INPUT:
---

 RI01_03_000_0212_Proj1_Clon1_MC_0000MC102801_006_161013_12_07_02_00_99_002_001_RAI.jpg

---

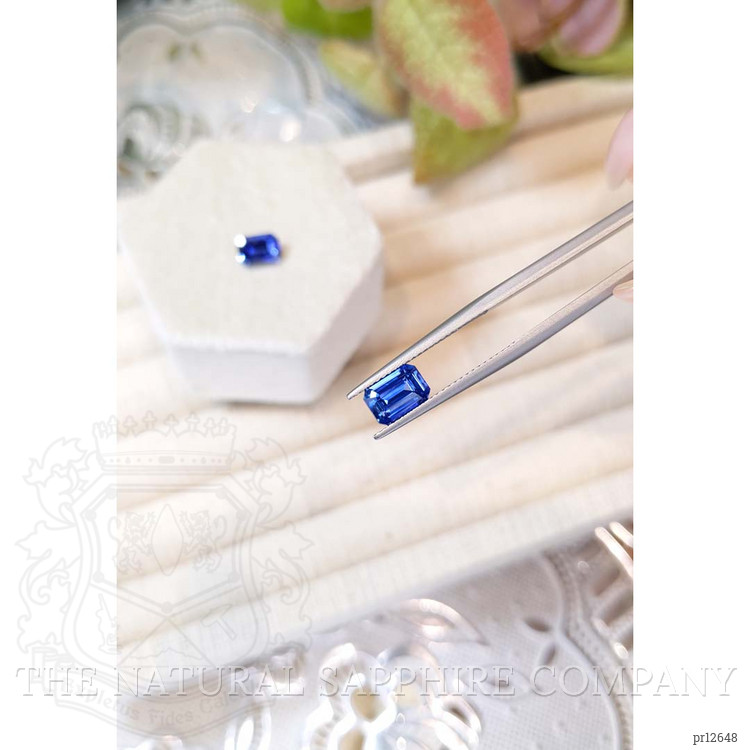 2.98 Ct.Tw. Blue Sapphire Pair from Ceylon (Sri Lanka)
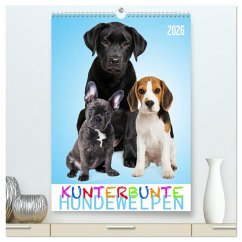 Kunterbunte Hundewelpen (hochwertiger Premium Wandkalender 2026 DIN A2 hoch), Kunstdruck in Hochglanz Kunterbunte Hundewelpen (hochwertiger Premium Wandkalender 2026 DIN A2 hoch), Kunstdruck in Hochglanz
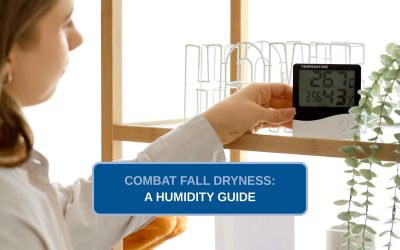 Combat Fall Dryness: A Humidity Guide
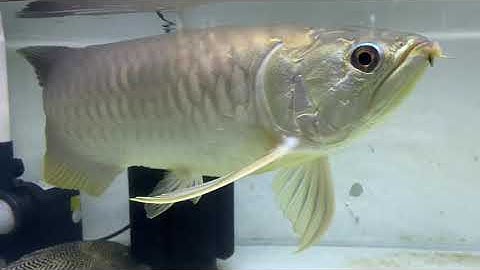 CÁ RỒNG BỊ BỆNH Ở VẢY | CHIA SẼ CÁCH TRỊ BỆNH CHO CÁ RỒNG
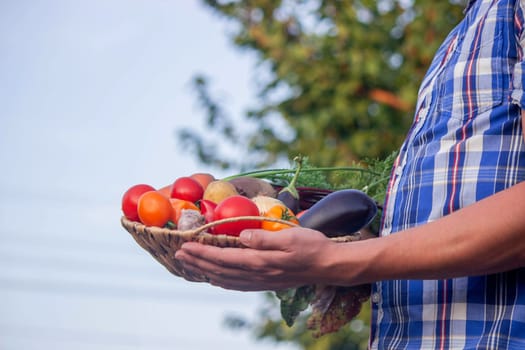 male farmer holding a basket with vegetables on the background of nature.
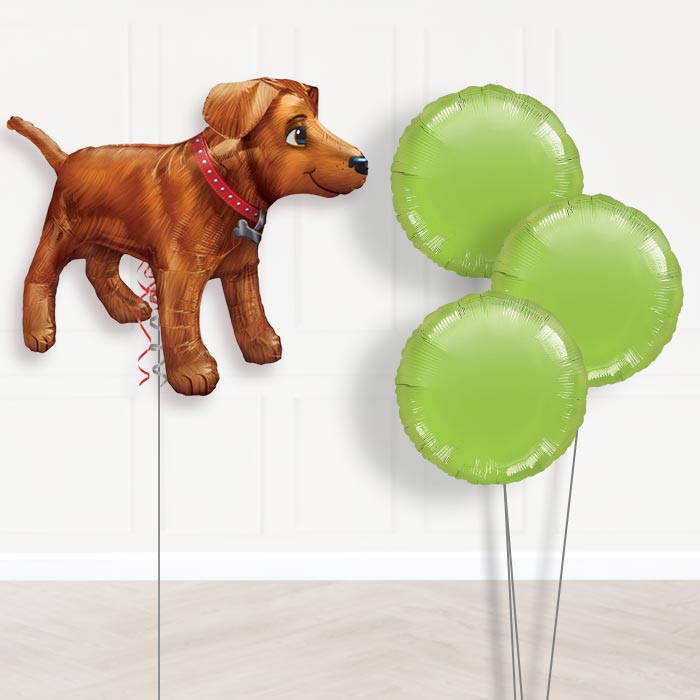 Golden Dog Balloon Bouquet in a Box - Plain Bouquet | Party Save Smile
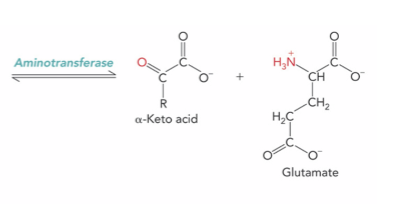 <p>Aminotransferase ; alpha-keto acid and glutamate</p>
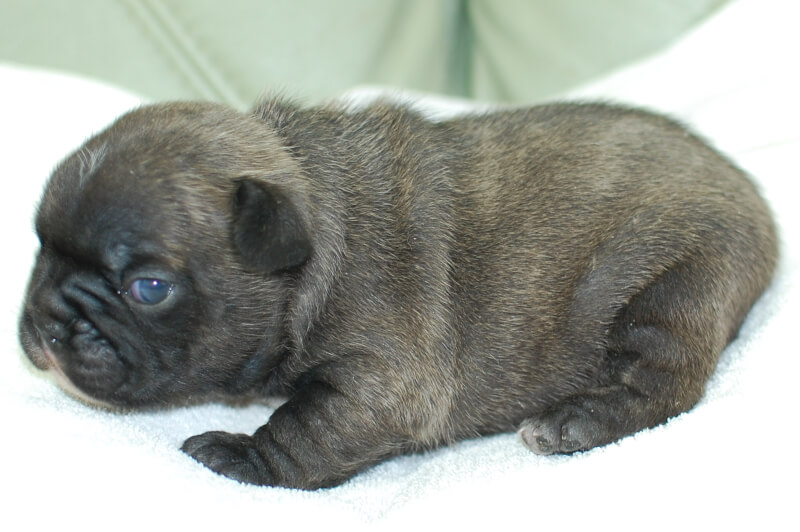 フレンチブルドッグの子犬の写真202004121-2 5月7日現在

---

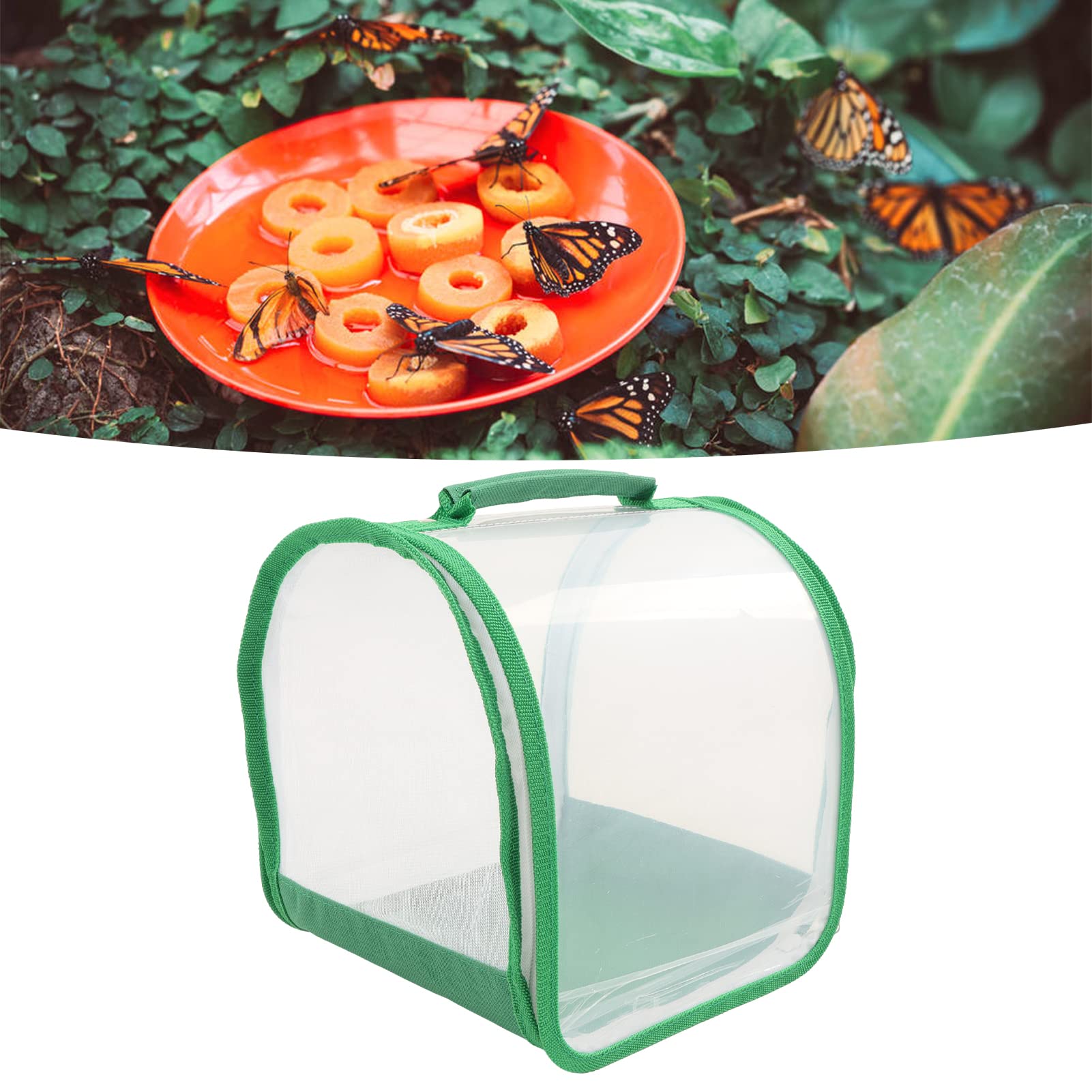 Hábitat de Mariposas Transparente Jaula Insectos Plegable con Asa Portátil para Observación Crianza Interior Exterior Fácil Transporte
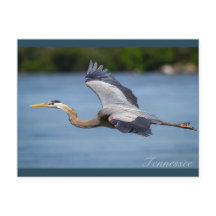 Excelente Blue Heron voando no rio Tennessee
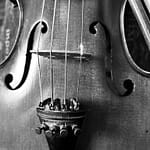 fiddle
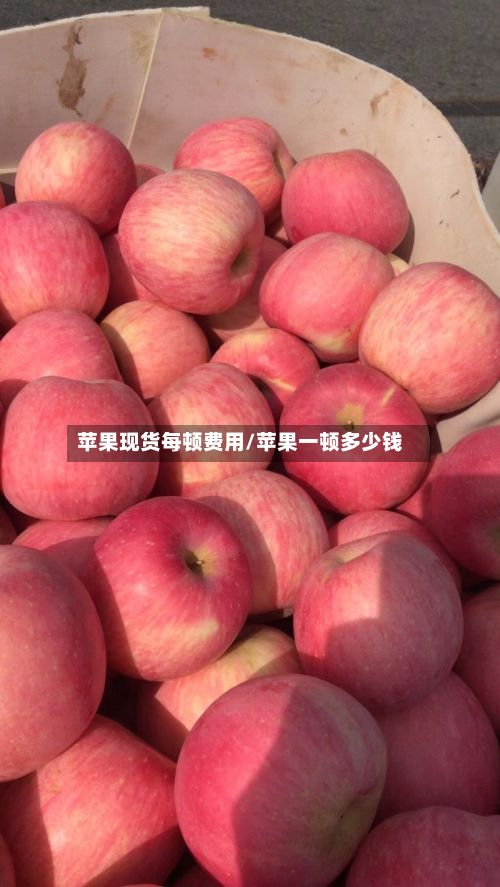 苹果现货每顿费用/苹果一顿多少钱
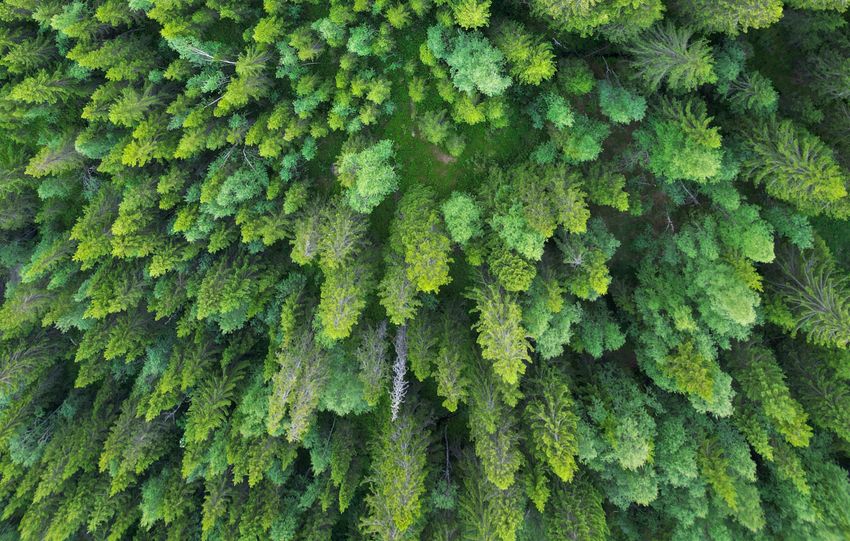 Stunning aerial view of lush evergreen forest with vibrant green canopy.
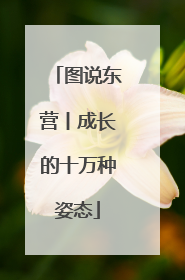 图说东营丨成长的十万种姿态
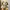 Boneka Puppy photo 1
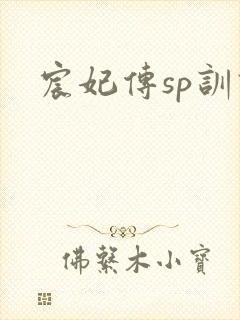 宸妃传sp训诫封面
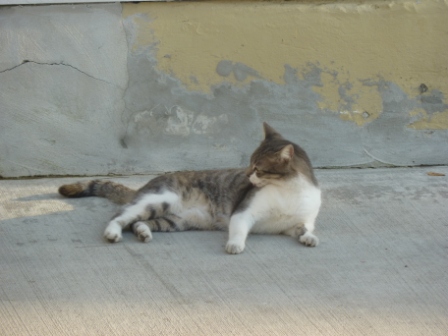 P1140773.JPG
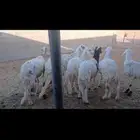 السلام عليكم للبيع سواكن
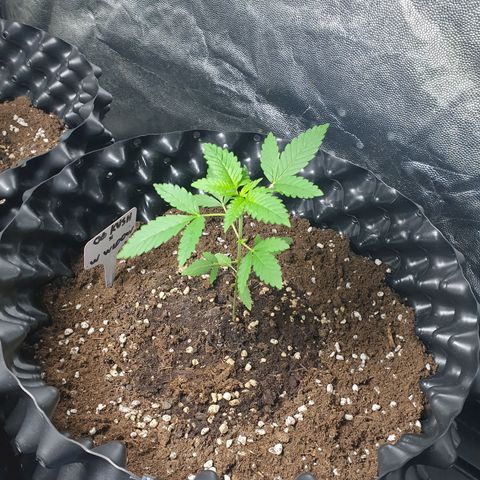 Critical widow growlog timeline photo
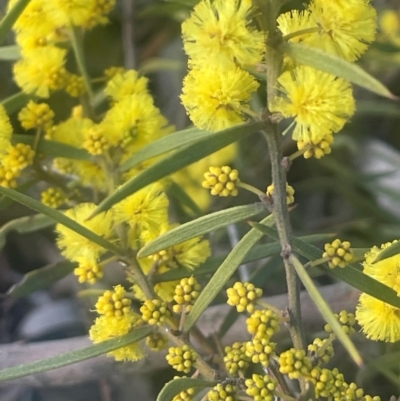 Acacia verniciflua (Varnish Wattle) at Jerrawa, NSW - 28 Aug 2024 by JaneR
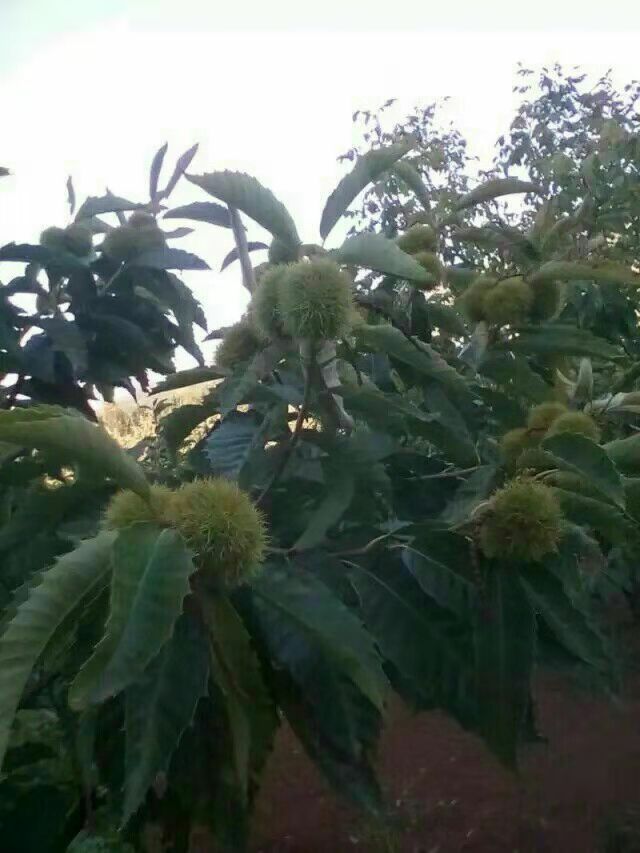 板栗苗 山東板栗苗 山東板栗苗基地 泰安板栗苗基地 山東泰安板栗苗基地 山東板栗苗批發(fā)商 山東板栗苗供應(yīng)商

---

ACTION ITEM:
Leaving out the pictures, please output the lines in the entries above from the one with "السلام عليكم للبيع سواكن" through the one with "板栗苗 山東板栗苗 山東板栗苗基地", exactly as they are.

RESPONSE FOR THIS EXERCISE:
 السلام عليكم للبيع سواكن
 Critical widow growlog timeline photo
 Acacia verniciflua (Varnish Wattle) at Jerrawa, NSW - 28 Aug 2024 by JaneR
 板栗苗 山東板栗苗 山東板栗苗基地 泰安板栗苗基地 山東泰安板栗苗基地 山東板栗苗批發(fā)商 山東板栗苗供應(yīng)商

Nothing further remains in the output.